§ Task statement: Pictures are to be left out. Return exactly the lines below from the one with "CelineHuddson online show" up to and including the one with "Beautiful and spacious".

*****

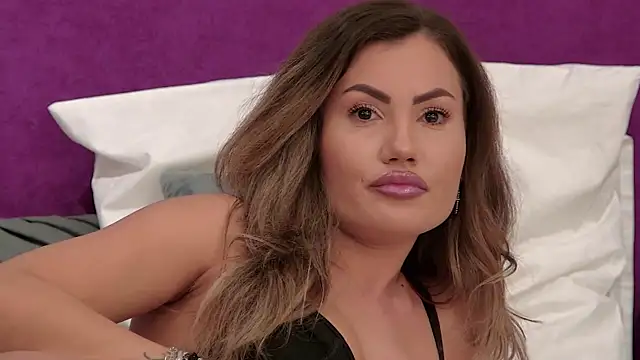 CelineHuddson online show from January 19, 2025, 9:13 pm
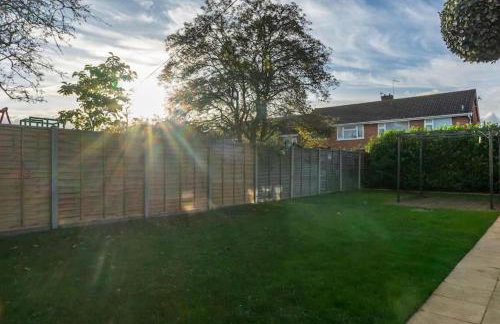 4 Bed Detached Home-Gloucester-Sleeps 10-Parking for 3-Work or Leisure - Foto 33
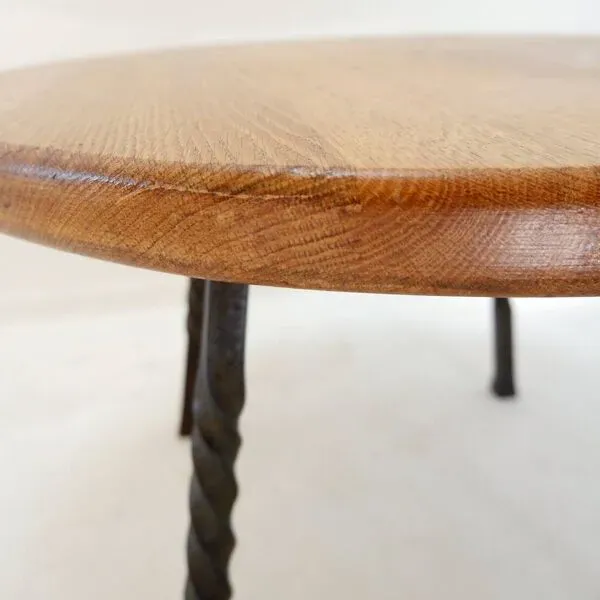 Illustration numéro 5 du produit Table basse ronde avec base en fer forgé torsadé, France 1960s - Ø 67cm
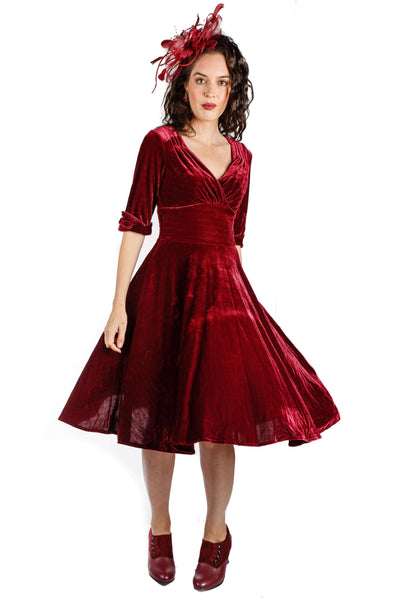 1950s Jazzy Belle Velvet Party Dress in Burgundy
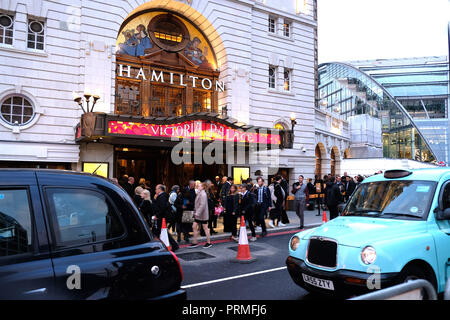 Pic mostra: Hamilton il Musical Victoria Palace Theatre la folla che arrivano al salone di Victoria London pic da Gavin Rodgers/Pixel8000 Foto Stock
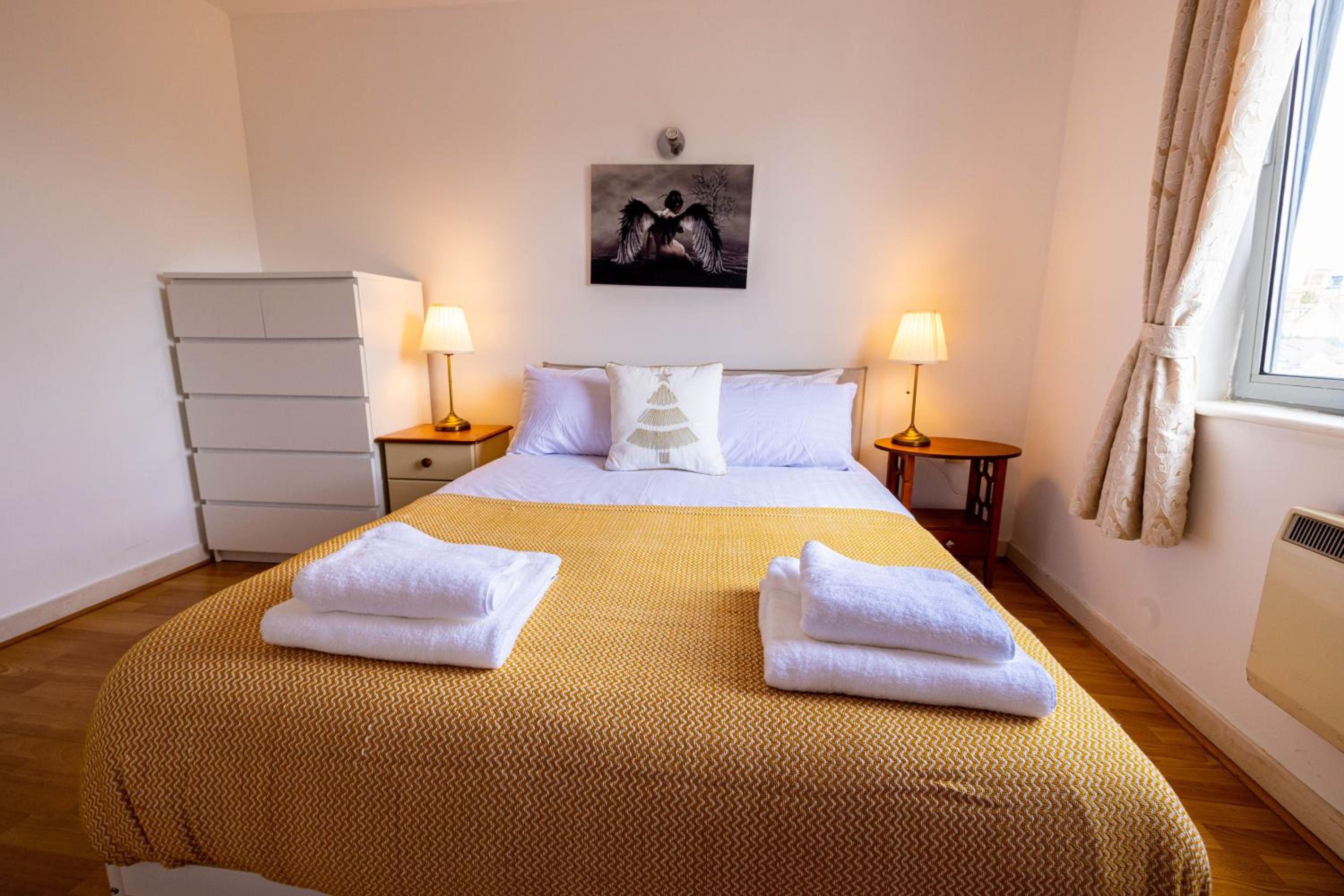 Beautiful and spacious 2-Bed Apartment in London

*****

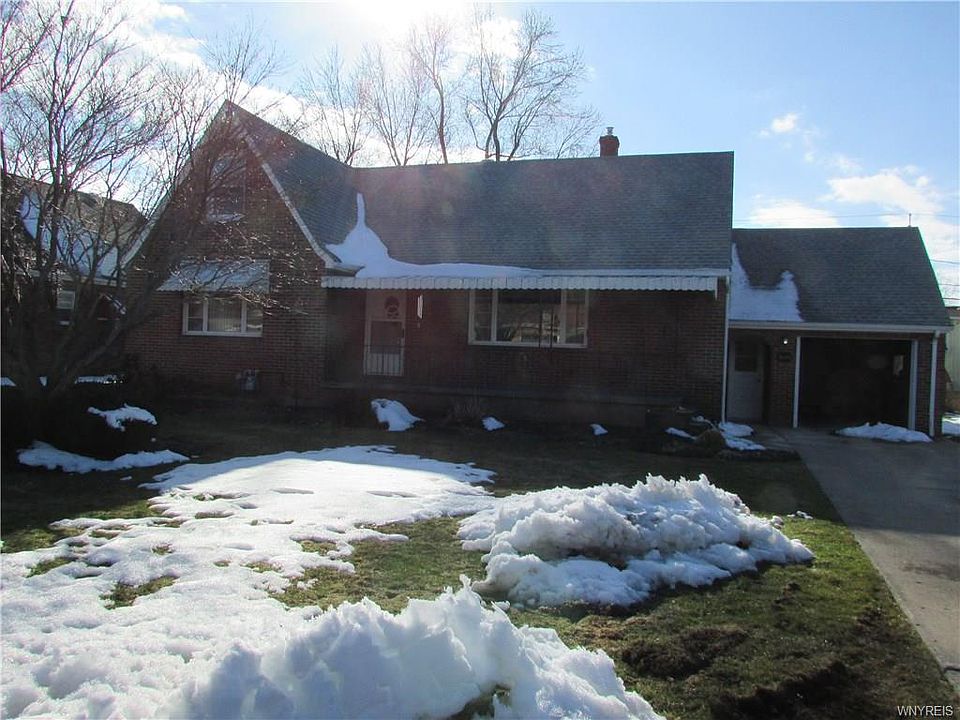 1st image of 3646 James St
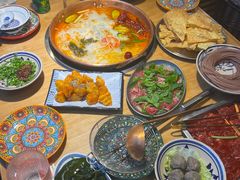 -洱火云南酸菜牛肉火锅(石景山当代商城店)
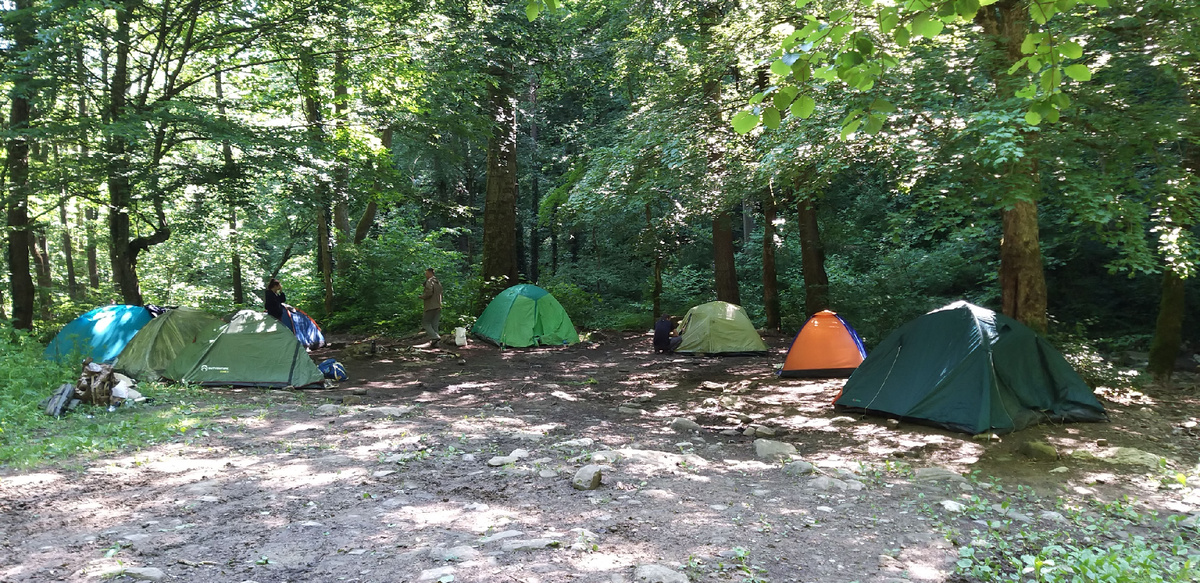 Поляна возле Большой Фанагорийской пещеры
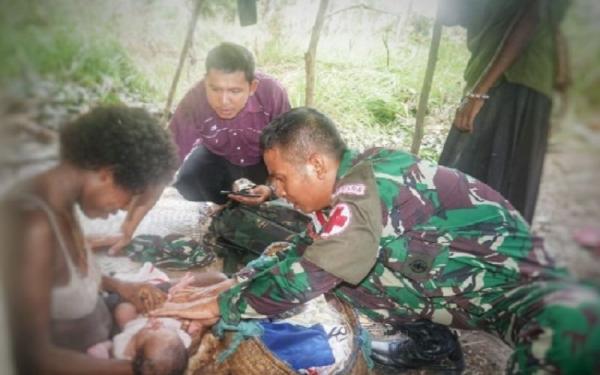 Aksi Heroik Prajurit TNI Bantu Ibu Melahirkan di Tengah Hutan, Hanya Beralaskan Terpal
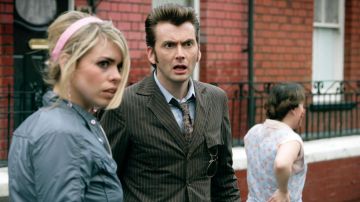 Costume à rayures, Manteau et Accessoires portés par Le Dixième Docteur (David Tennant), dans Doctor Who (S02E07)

*****

§ Expected answer:
 CelineHuddson online show from January 19, 2025, 9:13 pm
 4 Bed Detached Home-Gloucester-Sleeps 10-Parking for 3-Work or Leisure - Foto 33
 Illustration numéro 5 du produit Table basse ronde avec base en fer forgé torsadé, France 1960s - Ø 67cm
 1950s Jazzy Belle Velvet Party Dress in Burgundy
 Pic mostra: Hamilton il Musical Victoria Palace Theatre la folla che arrivano al salone di Victoria London pic da Gavin Rodgers/Pixel8000 Foto Stock
 Beautiful and spacious 2-Bed Apartment in London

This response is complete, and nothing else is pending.